そんな彼に代わって、ユリウスが彼女の質問に答えた。
「実は、今我が家で雀を飼っているのです」
「あら、そうでしたの?」
カーミラがあからさまに嫌そうな顔をする。
このままだと断られるんじゃないか?
そう思ったけど、流石はユリウスと言うべきか、すかさず言葉を続けた。
「ですが、カーミラさんがいらしている間は部屋から出さないようにしますので、どうかご安心を」
にっこりと微笑むユリウスは妙な信頼感が出ていた。
こいつの言うことなら大丈夫だろう、みたいな。
「……それなら、まあ、大丈夫ですわね」
少し悩む素振りを見せていたカーミラだったけど、結局は納得したみたいだった。
くそっ、そのまま断ってくれれば良いものを!
「本当に申し訳ございません。どうぞこれからよろしくお願いします」
「いえ、私の都合ですし、ユリウス様が気になさることではありませんわ。こちらこそよろしくお願い致しますね」
そんな会話をした後、彼らは部屋を出た。
誰もいなくなった部屋を眺めながら、私はため息をついた。
頑張って部屋を抜け出したはいいけど、カーミラがどんな性格なのかまではわかんなかったな。
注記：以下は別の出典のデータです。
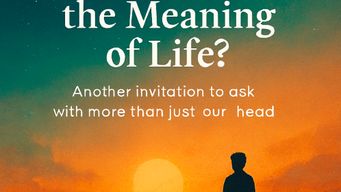 What is the Meaning of Life? (Part 1 of 5)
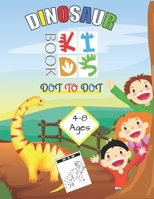 Dinosaur Dot to Dot Book Kids Ages 4-8: Connect The Dots Books For Kids preschoollers - Dinosaur Coloring Books For Kids Ages 4-8 Boys and Girls - Fun ... To Dot Activity Books Ages 4-6 3-8 3-5 6-8 B08LJV73ZF Book Cover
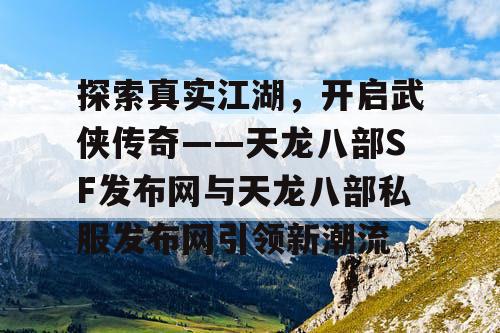 探索真实江湖，开启武侠传奇——天龙八部SF发布网与天龙八部私服发布网引领新潮流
唯一、小動物が嫌い、つまり私とは絶対に相容れない奴だということだけはわかった。
でも、カーミラがたとえどんな奴だったとしても、もう引き受けられちゃったからなぁ。
これからの私にできることは、ロベル君の変化に気づいてあげることだけだと思う。
本当はロベル君に変化があった時、誰かに知らせられれば良いのだけど……ただの雀には彼の支えになってあげることしかできなさそうだ。
まあ、何も無いのが一番良いんだけどね。
とりあえず、今日はもうロベル君の部屋に戻ろう。
そんでもって、寝るまでの間は彼と一緒に楽しく遊ぶんだ。
これからはロベル君と遊べる時間が減っちゃうから、思う存分ロベル君を堪能するぞ!